The present invention relates to a semiconductor device such as a solid-state imager and a delay line having imager elements and/or charge transfer elements.
A solid-state imager, for example, of CCD (charge coupled device), CPD (charge priming device), CSD (charge sweep device), and MOS type has an imager body made up of imager elements and a shift register. The imager body is adapted such that signal charges are generated by the imager elements responding to received light according to a picked up optical image and the signal charges are transferred by the shift register to be delivered from an output terminal.
In such a solid-state imager, there is provided a peripheral circuit including such as a drive circuit providing clock signals and the like for driving the solid-state imager body, i.e., the imager elements and the shift register receiving the signal charges therefrom so as to transfer the same, and a signal processing circuit.
Conventionally, such a device, in general, has been formed on separate semiconductor chips, the imager body on one chip and the peripheral circuit on another.
However, with the recent demand for miniaturized and simplified layout of solid-state imagers and for mass producibility of the same, there is a tendency toward incorporating a peripheral circuit such as the drive circuit with the solid-state imager body including the aforesaid imager elements, shift register, and the like, and disposing them on one common semiconductor chip.
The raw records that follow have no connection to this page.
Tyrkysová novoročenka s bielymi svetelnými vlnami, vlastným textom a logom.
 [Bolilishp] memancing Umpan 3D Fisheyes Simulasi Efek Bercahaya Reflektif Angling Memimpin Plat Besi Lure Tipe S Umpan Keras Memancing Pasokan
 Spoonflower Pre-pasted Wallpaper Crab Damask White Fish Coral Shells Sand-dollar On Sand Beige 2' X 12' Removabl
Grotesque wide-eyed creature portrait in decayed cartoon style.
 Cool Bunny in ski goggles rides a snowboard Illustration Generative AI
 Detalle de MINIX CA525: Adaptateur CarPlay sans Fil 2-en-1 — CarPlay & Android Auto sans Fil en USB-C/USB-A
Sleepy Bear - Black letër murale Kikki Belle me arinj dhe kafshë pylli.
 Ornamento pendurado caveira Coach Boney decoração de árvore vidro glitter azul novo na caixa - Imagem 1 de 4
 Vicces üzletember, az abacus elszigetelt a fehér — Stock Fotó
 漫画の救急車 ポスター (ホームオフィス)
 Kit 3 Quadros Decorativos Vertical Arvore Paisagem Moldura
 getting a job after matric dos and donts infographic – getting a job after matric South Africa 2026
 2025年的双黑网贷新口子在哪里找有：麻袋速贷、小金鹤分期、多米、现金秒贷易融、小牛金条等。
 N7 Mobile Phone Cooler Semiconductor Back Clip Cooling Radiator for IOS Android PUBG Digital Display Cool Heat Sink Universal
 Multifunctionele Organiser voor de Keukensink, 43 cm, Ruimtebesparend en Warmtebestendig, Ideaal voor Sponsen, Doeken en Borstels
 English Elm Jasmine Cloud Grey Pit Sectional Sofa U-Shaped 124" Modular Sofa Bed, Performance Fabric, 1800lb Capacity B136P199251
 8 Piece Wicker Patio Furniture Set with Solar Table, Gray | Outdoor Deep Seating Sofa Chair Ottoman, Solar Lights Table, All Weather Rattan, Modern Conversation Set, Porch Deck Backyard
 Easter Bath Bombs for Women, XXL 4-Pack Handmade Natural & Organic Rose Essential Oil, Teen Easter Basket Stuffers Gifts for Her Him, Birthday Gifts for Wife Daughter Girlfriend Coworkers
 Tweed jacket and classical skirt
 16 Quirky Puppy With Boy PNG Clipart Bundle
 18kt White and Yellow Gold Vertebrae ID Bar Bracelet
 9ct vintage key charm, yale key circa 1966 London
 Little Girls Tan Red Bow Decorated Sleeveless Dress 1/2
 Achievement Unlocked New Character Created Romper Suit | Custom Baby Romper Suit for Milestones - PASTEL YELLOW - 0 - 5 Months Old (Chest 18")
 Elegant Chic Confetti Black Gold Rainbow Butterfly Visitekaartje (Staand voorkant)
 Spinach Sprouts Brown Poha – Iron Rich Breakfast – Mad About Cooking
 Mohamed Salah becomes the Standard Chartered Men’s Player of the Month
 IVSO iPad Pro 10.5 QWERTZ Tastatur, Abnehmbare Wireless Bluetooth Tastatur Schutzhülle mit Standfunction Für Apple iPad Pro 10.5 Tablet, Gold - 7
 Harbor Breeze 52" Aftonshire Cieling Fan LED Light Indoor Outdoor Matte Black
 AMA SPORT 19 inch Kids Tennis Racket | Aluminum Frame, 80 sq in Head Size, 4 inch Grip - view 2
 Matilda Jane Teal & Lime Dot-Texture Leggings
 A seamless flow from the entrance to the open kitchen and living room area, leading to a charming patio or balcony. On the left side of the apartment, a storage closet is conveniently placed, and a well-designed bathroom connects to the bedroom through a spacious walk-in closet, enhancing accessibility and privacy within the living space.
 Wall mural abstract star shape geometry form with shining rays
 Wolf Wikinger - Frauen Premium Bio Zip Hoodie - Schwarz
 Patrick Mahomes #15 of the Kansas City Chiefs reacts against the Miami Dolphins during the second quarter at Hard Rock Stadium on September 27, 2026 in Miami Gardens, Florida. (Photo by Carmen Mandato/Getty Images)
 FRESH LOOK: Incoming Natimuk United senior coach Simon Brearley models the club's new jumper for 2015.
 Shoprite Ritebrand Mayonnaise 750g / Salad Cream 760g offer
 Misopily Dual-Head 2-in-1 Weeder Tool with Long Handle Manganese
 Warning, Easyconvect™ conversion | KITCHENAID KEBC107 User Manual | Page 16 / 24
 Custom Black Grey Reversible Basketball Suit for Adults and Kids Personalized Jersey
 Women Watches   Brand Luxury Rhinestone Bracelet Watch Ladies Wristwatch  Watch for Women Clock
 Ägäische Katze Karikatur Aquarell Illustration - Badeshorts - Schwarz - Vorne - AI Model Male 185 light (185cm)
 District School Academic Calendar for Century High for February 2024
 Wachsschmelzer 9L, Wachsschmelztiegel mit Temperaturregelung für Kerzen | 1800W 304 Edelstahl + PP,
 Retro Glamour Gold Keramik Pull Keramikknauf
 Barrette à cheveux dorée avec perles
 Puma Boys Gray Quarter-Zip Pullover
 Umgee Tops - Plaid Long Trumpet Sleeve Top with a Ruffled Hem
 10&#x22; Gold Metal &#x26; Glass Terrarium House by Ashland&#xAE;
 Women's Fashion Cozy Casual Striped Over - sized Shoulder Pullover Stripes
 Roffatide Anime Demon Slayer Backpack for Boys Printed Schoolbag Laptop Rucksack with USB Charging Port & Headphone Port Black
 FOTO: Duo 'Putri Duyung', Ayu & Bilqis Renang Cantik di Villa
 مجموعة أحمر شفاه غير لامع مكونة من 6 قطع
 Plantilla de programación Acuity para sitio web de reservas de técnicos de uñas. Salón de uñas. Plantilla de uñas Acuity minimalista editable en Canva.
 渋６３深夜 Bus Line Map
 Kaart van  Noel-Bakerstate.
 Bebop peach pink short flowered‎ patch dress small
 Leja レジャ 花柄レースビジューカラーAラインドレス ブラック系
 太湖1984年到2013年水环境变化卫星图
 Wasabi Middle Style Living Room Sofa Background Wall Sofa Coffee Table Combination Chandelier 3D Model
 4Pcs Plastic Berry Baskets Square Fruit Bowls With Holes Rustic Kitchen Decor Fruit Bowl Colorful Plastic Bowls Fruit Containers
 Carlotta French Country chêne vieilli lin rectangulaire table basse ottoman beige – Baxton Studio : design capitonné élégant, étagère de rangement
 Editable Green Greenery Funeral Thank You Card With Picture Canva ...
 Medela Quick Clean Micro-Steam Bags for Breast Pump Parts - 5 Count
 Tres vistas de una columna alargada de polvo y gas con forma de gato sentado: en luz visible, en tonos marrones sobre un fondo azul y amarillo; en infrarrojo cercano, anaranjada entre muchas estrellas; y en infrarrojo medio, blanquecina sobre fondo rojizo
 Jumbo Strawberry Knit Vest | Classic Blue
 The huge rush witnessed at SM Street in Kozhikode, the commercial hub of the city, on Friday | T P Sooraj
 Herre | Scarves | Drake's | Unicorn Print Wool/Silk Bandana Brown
In the case of a linear sensor with the aforesaid arrangement wherein the imager elements are linearly disposed, for example, as shown in FIG. 2, a plurality of imager elements 1 are arranged in a line on a semiconductor chip 4 with a pair of shift registers 2 disposed on their both sides, each thereof taking in the signal charges, for example, from every other one of the imager elements 1 corresponding to the light quantities received thereby, for transferring the same, and on the semiconductor chip 4 with the body of the device 3 made up of such imager elements 1 and shift registers 2 disposed thereon, there is also disposed a peripheral circuit 5 including, for example, a timing generator 6, drive circuit 7, and the like. Since, however, the quantity of heat generated by the transistors forming the drive circuit 7 is rather large, it produces problems especially with a linear sensor as shown in the drawing having the imager elements and shift registers distributed over a considerably elongated space. That is, there are produced remarkably large temperature differences between the portion where the drive circuit 7 is disposed and portions spaced apart therefrom, and therefore, considerable unevenness occurs in the thermally generated electric charges, i.e., in the dark currents. The influence of the unevenness in the dark currents is especially serious on such a device as described above treating analog signals, that is, uneven contrast, for example, is produced by the imager of the aforesaid type.